Action item: Take the lines below from the one with "Systematische Gestaltung additiv" through the one with "Kopacz - Osinovsky (chess.com INT, 2022)" and retype them exactly. Include nothing else, and no pictures.

Data provided:
· · · · ·

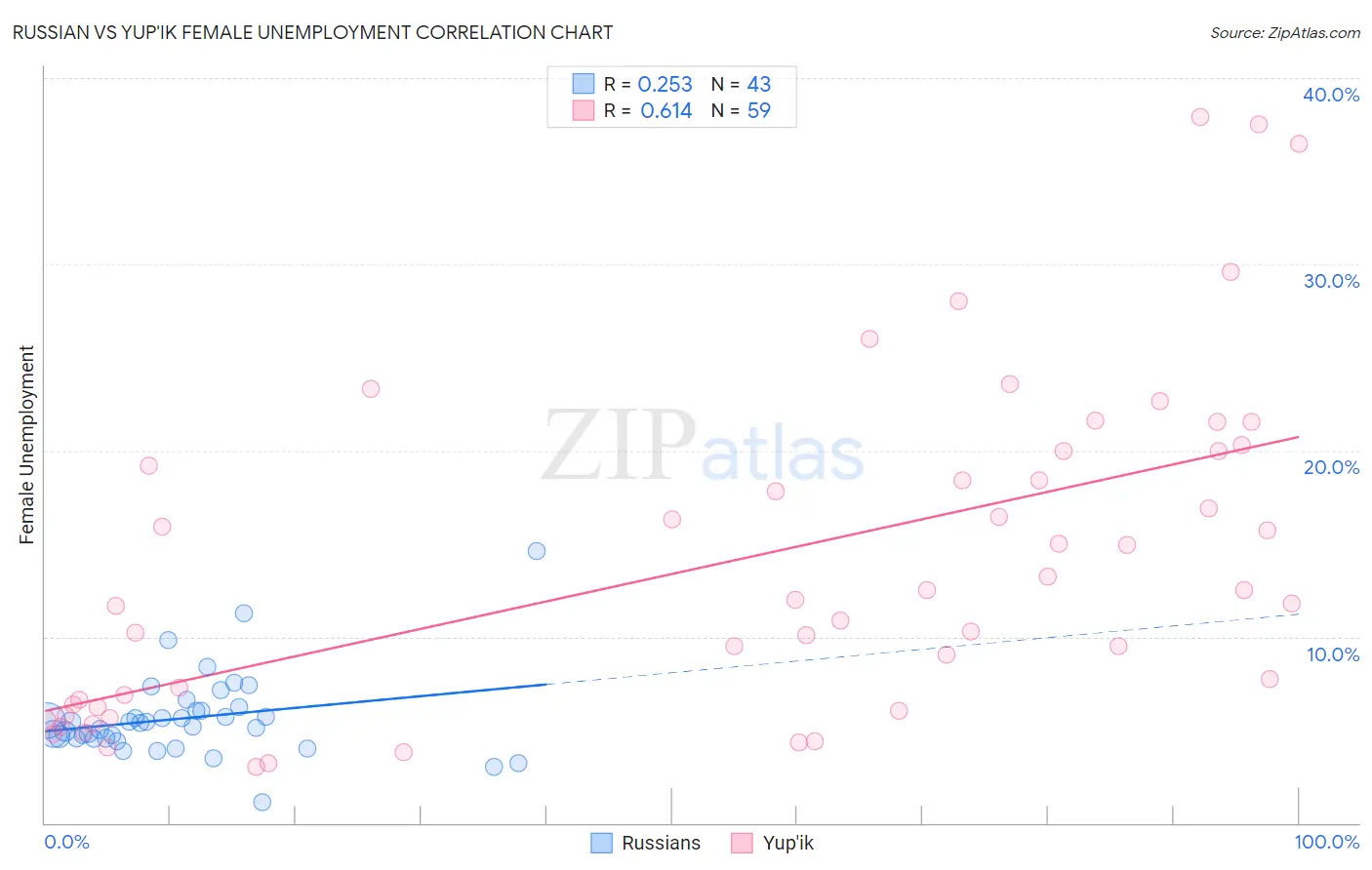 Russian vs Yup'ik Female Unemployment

· · · · ·

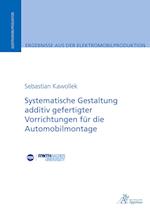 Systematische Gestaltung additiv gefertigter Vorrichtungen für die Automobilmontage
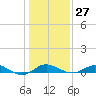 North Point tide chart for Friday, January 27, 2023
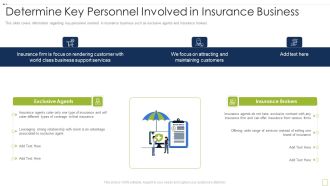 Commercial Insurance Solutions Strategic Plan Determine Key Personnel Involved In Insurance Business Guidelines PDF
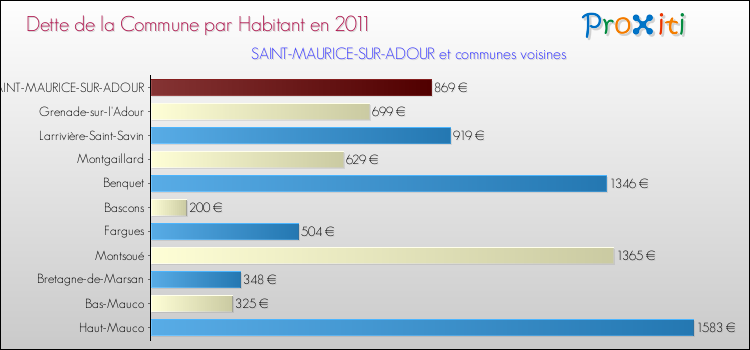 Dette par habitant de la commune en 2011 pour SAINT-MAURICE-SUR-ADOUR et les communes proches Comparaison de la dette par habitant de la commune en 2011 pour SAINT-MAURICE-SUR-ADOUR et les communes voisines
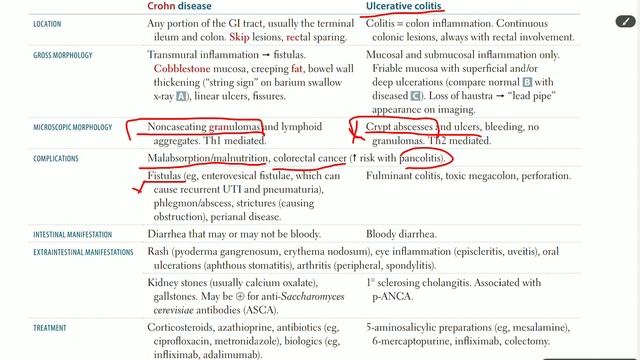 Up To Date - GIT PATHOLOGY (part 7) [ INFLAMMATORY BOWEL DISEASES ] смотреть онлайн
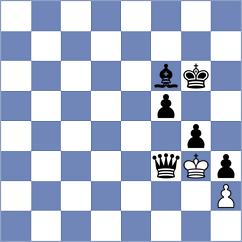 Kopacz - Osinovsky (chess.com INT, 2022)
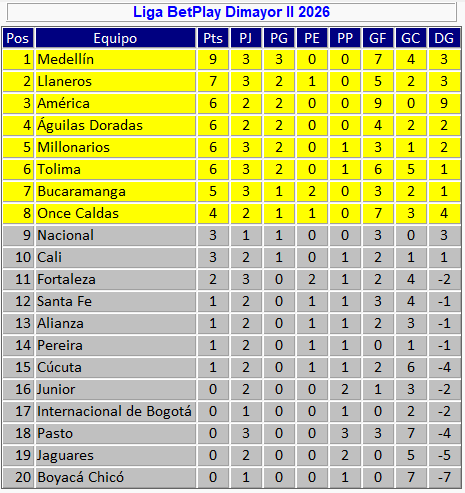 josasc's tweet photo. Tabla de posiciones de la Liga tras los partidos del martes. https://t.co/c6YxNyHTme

· · · · ·

Completed exercise:
 Systematische Gestaltung additiv gefertigter Vorrichtungen für die Automobilmontage
 North Point tide chart for Friday, January 27, 2023
 Commercial Insurance Solutions Strategic Plan Determine Key Personnel Involved In Insurance Business Guidelines PDF
 Dette par habitant de la commune en 2011 pour SAINT-MAURICE-SUR-ADOUR et les communes proches Comparaison de la dette par habitant de la commune en 2011 pour SAINT-MAURICE-SUR-ADOUR et les communes voisines
 Up To Date - GIT PATHOLOGY (part 7) [ INFLAMMATORY BOWEL DISEASES ] смотреть онлайн
 Kopacz - Osinovsky (chess.com INT, 2022)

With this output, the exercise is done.